▶ RECORDED DATA
== Segment start ==
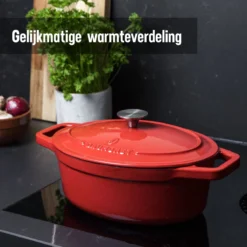 Daumonet Bocuse Rouge Gietijzeren Braadpan - Sudderpan Kersen Rood - Ovaal - Ø 29 Cm - 3 Liter - PFAS & PFOA Vrij - Emaille - Geschikt Voor Alle Warmtebronnen - Elektrisch - Gas - Halogeen - Inductie - Keramisch - Vaatwasserbestendig -Keukenpotten Winkel 1200x1200 1142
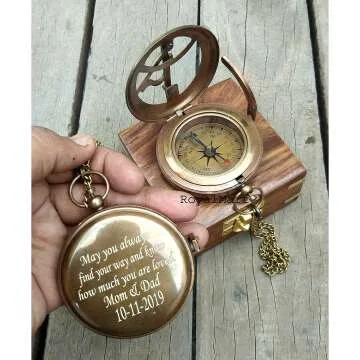 Engraved Brass Compass with Leather Case - Add Style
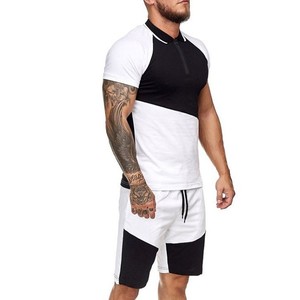 ชุดฤดูร้อนสำหรับผู้ชายผ้าฝ้าย100% ชุดบล็อกสีเสื้อยืดและกางเกงขาสั้น - Product Image 1
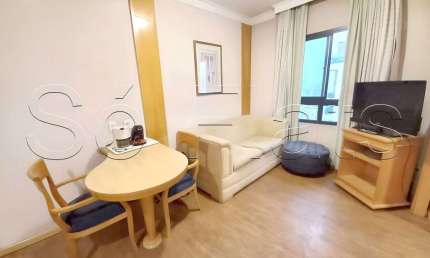 Apartamento mobiliado disponível para venda com 28m² e 01 vaga de garagem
== Segment end ==
▶ EXERCISE GOAL
Restate word for word the lines running from the first line of the material to the line containing "Product Image 1", inclusive, and drop every picture.

▶ REPLY
 Daumonet Bocuse Rouge Gietijzeren Braadpan - Sudderpan Kersen Rood - Ovaal - Ø 29 Cm - 3 Liter - PFAS & PFOA Vrij - Emaille - Geschikt Voor Alle Warmtebronnen - Elektrisch - Gas - Halogeen - Inductie - Keramisch - Vaatwasserbestendig -Keukenpotten Winkel 1200x1200 1142
 Engraved Brass Compass with Leather Case - Add Style
 ชุดฤดูร้อนสำหรับผู้ชายผ้าฝ้าย100% ชุดบล็อกสีเสื้อยืดและกางเกงขาสั้น - Product Image 1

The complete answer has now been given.